Crystal Serenity’s 32-day voyage across the forbidding Canadian Arctic will mark another Arctic navigation milestone as it becomes the largest passenger ship to sail through the poorly charted waters.
Billed as the “ultimate expedition for the true explorer,” the cruise liner with 1,070 passengers and 665 crew on board will leave Anchorage, travel north through the Bering Strait and across the Northwest Passage, making stops in small Arctic communities in the U.S., Canada and Greenland, and then in northeastern United States before completing its journey in New York City.
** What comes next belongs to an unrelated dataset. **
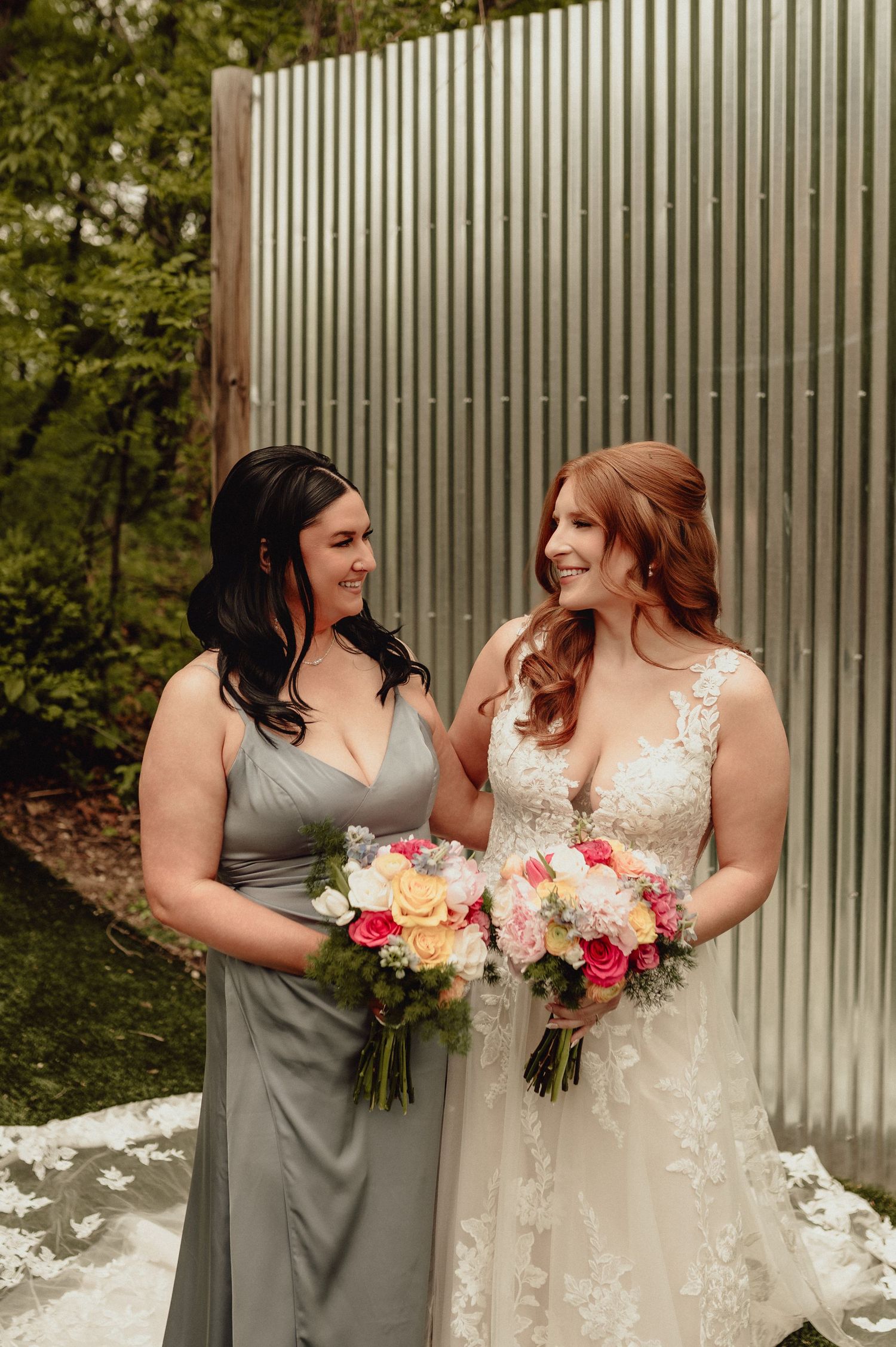 Two women in wedding attire smile at each other while holding beautiful pink and peach floral bouquets.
Prices for the sold-out super-exclusive trip range from $21,850 US to $120,000 US per person, plus insurance coverage of at least $50,000 US for emergency evacuation.
Risky business
Michael Byers, Canada Research Chair in Global Politics and International Law at the University of British Columbia and the author of International Law and the Arctic, says such voyages carry risks and are bad for the environment.
In earlier interview with RCI, Byers said an accident is the most obvious hazard, noting that the area is so remote that it would take a search-and-rescue helicopter up to two days to get there.
“There are many other risks,” he said. “These are shallow, poorly-charted waters. There are remnants of icebergs, small pieces of glacial ice that, if struck by a ship, can punch a hole in the hull.”
Safety precautions
The cruiseline says it has taken several precautions to ensure maximum safety.
The cruise liner will be accompanied by an escort vessel, an ICE 05-Class icebreaker, chartered from the British Antarctic Survey. The RSS Ernest Shackleton will have on board two helicopters and special equipment for real time ice conditions reconnaissance.
“The ice pilot on board the Shackleton is a veteran Canadian Coast Guard officer having served as Captain of Canada’s largest Polar Icebreaker,” the company said on its website.
Crystal Serenity itself will be equipped with “two ice searchlights, a high-resolution ice radar, forward looking sonar and thermal imaging equipment will be installed to allow the vessel to scan the waters ahead both above and below the surface for underwater obstructions or uncharted rocks,” the company said.
While cruise ships have less fuel than do oil tankers, any spill would be difficult to clean, given that there is little equipment, few people and few government ships in the Arctic. A spill in August or September would leave little time before total darkness falls upon the Arctic for many months. All this, Byers said, makes a clean-up “almost inconceivable.”
Experiencing modern Arctic life
Crystal Serenity is expected to make three stops in the Canadian Arctic: in Ulukhaktok, Northwest Territories, and in Cambridge Bay and Pond Inlet, Nunavut.
These stops offer the passengers the opportunity of firsthand experience of modern life in the Arctic and for the communities to educate their guests about the life beyond the Arctic Circle.
“We will be educating them on our reality, and hopefully they will realize the importance of seals and marine mammals to our diet,” Vicki Aitaok of Cambridge Bay told Nunatsiaq Online newspaper. “We have no farms, no slaughterhouses. We kill what we eat and eat what we kill. The animals are not our pets, but our survival.”